RISE AND FALL OF THE SOPWITH AIRCRAFT COMPANY LTD. AT KINGSTON-UPON-THAMES

T.O.M. Sopwith (Thomas) was born in Kensington, London on 18 January 1888. His father was a civil engineer who died when Thomas Sopwith still was a child. He followed a technical education and soon became very interested in aviation. He taught himself to fly, making his first solo flight on 22 October 1910. Although his first flight was very short and ended in a crash, he did not give up and he soon gained his flying certificate. On 18 December 1910, Sopwith won a £4000 prize for the longest flight from England to the Continent in a British-built aeroplane, flying 169 miles (272 km) in 3 hours 40 minutes. He used the winnings to set up the Sopwith School of Flying at Brooklands. In 1912 he set up, together with Fred Sirgist, a company for the design and construction of aircraft as the Sopwith Aviation Company Ltd..

The new company had a difficult start, but with the outbreak of the First World War in 1914 business was soon booming thanks to a number of highly successful military aircraft. Best known are the 1½-Strutter, the Pup, Triplane and last but not least the Camel. When the war ended, things changed dramatically with an enormous decline in aircraft needed. The company had earned enough money to survive this period, but shortly after the war the government charged punitive and excessive so-called anti-profiteering taxes. The company was forced to dissolve itself in 1920. However, a fresh restart was made with new capital.

Sopwith; a detailed type-by type review

Although the title of this book suggests it only gives a description of the Triplane fighter, details are given here on all important Sopwith aircraft since very little has been published on this recently. Before Sopwith started to manufacture its own types the company had modified a Wright biplane (manufactured by the British Howard Wright) and fitted it with a 50 hp Gnome engine. Later, this was even completely rebuilt fitted with a 70 hp Gnome engine from a Blériot. Also a hybrid biplane with a closed fuselage based on the earlier Wright was built.

The first completely new design from the company was the threeseat tractor biplane of 1913 with a 80 hp Gnome engine. It featured three large celluloid windows for the two passengers sitting in front of the pilot. Three were built. Three more modified examples on floats were built, powered by a 100 hp Anzani engine.

Second type built in 1913 was a small two-seat biplane flying boat known as the Bat Boat. The first one was powered by a 6-cylinder 90 hp Austro-Daimler engine. It was soon wrecked, but another two were supplied to the British Admiralty; later to be followed by an improved amphibian version known as Bat Boat II with a 200 hp engine.

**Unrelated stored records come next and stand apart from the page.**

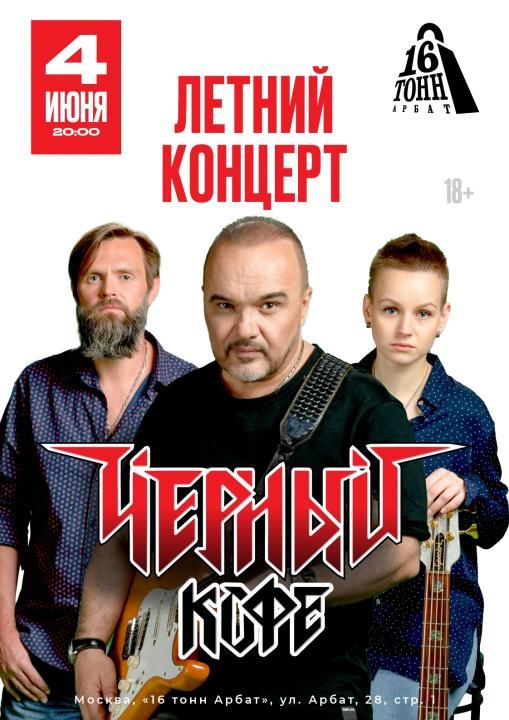 Концерт Черный Кофе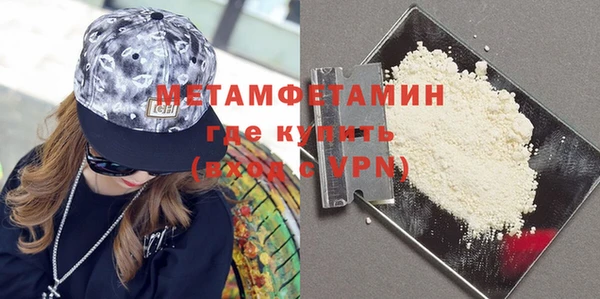 кокаин VHQ Весьегонск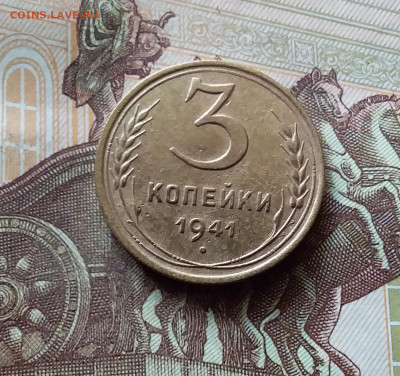 3 копейки 1941. До 31.07.24 в 22.00 - 20240726_183446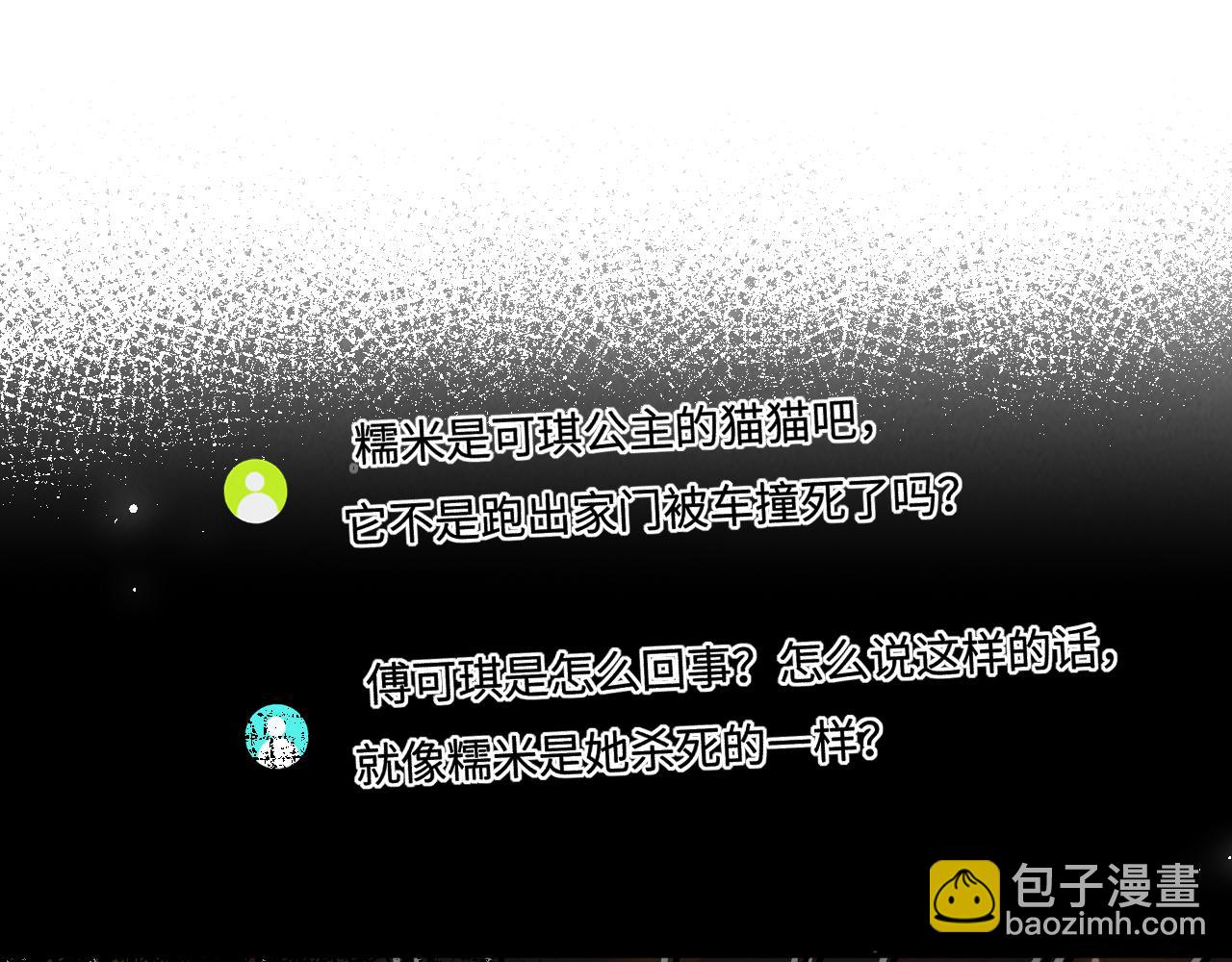 第31话 神秘人出现！(1/2)-第31话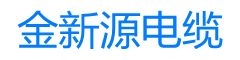 四川金新源电缆制造有限公司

The next design was the Tabloid, a single seat high-speed biplane that became world famous when it gained, as version on floats, the 1st place at the Schneider Trophy contest of 1914 at Monaco. Pilot on this occasion was Howard Pixton who convincingly won with his 100 hp Gnome powered racer. More Tabloids were constructed as a landplane with a wheel undercarriage. The Tabloid was the first Sopwith airplane built in substantial numbers with a total of 137 manufactured in various sub types. The Tabloid was further developed into the military types Pup (originally known as ‘Scout’) and the Baby seaplane.